* _Raw data_
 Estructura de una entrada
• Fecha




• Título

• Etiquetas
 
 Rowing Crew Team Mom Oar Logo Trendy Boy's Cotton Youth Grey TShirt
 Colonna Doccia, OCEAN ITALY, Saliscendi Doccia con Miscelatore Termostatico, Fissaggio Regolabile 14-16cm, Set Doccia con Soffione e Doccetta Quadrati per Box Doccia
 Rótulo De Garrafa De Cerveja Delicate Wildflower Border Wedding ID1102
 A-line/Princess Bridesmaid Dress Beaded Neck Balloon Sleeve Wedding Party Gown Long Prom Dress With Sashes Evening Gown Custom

==

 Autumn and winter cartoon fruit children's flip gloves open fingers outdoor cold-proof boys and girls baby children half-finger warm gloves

* _Assignment_
Look over the entries for "Wedding", then copy every line that includes that string.

* _Response box_
 Rótulo De Garrafa De Cerveja Delicate Wildflower Border Wedding ID1102
 A-line/Princess Bridesmaid Dress Beaded Neck Balloon Sleeve Wedding Party Gown Long Prom Dress With Sashes Evening Gown Custom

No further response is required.